Malcolm Turnbull and Peter Garrett both claim vindication on climate change from the synthesis report released by the Intergovernmental Panel on Climate Change. Both are wrong.

Labor has a policy of reducing Australia’s greenhouse gas emissions by 60% by 2050 compared with year 2000 emissions.

 

The Liberals have attacked this target as “likely to damage the economy”. They refuse to state their own target for emissions but this must logically be less onerous than Labor’s.

 

The central difficulty for both Labor and the Liberals in claiming vindication from the latest IPCC report is it indicates a 60% reduction in emissions by 2050 will be inadequate to protect our most valuable environmental assets such as the Great Barrier Reef.

 

Turnbull and Garrett do not say their policies will not protect the Great Barrier Reef.

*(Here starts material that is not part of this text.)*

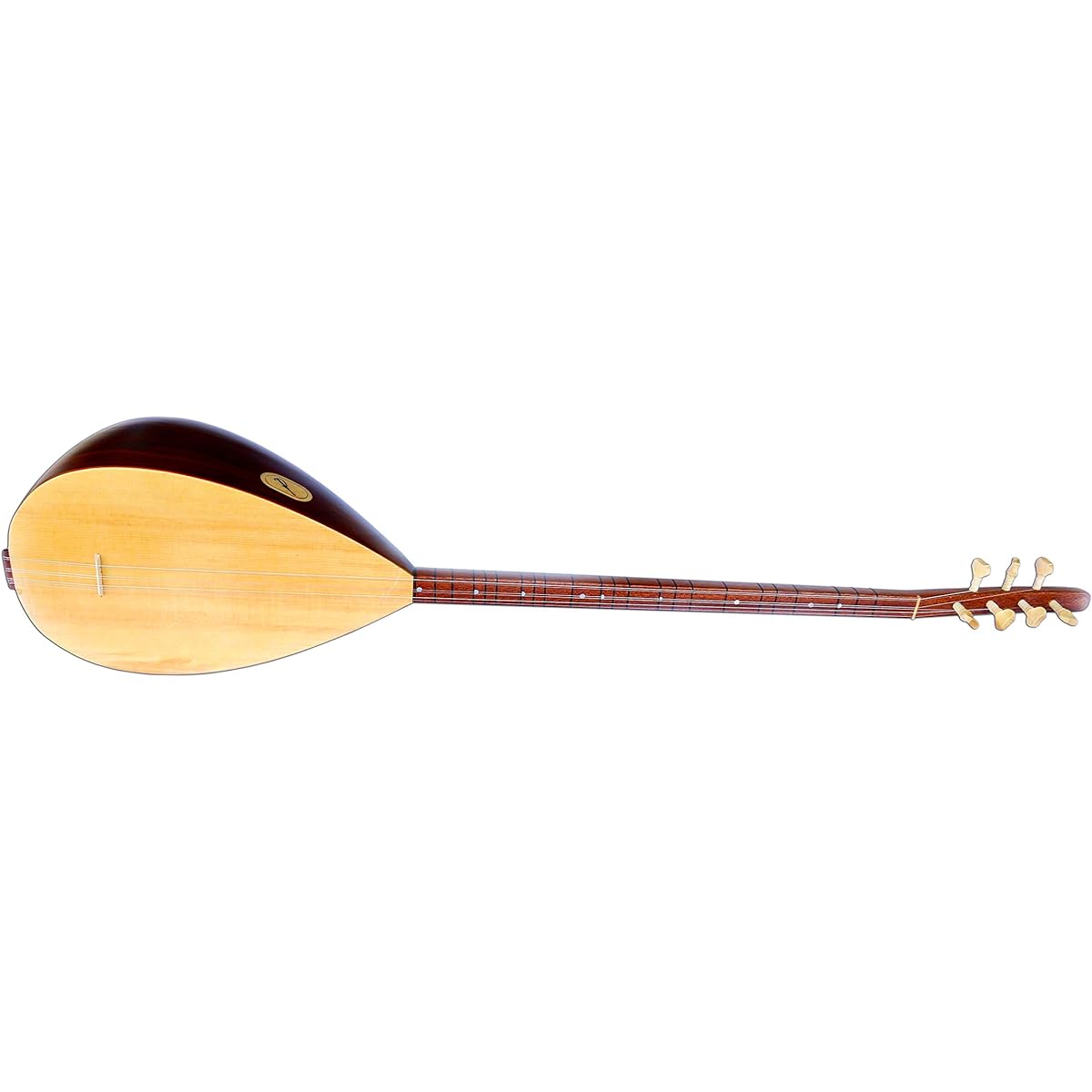 Turkish Quality Long Neck Walnut Baglama Saz ASL-202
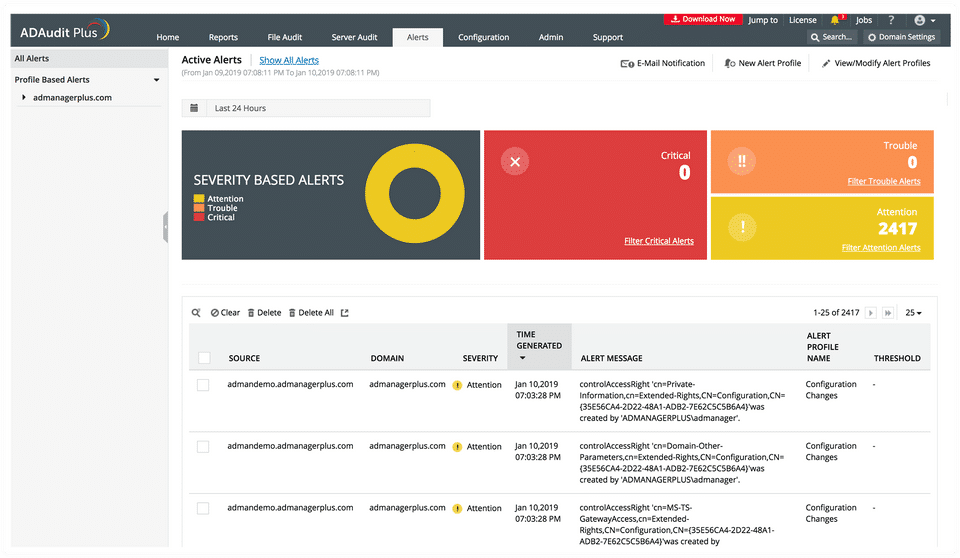 ManageEngine ADAudit Plus screenshot 1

On the contrary, both parties have policies aimed at building “resilience” in the reef by reducing pollution and fishing pressure to protect it from climate change.

 

But realising their policies make the destruction of the reef virtually inevitable is simply a case of “join the dots” in the IPCC report.

 

The IPCC states that “increases in sea surface temperature of about 1-3°C are projected to result in more frequent coral bleaching events and widespread mortality, unless there is thermal adaptation or acclimatisation by corals.” There is little evidence that adaptation or acclimatisation by corals will save them.

 

With the Earth already nearing a global temperature rise of 1°C and no signs of this rise abating, it is obvious why the IPCC also anticipates for Australia “by 2020, significant loss of biodiversity is projected to occur in some ecologically rich sites including the Great Barrier Reef”.

 

The IPCC believes a 60% reduction in global greenhouse gas emissions by 2050, compared with year 2000 emissions, would put the world on track to stabilise global average temperature rises around 2.4°C.

 

Labor’s policy of Australia reducing our national emissions by 60% by 2050 is putting us on track to global temperature rises that will severely damage or destroy the Great Barrier Reef – yet the Liberals think even this level of emissions reduction is too onerous.

 

As a young boy growing up in the Whitsunday region of North Queensland snorkeling and fishing on the Great Barrier Reef I could not imagine that within my own lifetime this wonderful treasure would be severely damaged or lost.

 

To me, the lie in both Turnbull and Garrett’s position is they must know what the science is saying but play dumb. That is worse than hypocritical. Both are shams.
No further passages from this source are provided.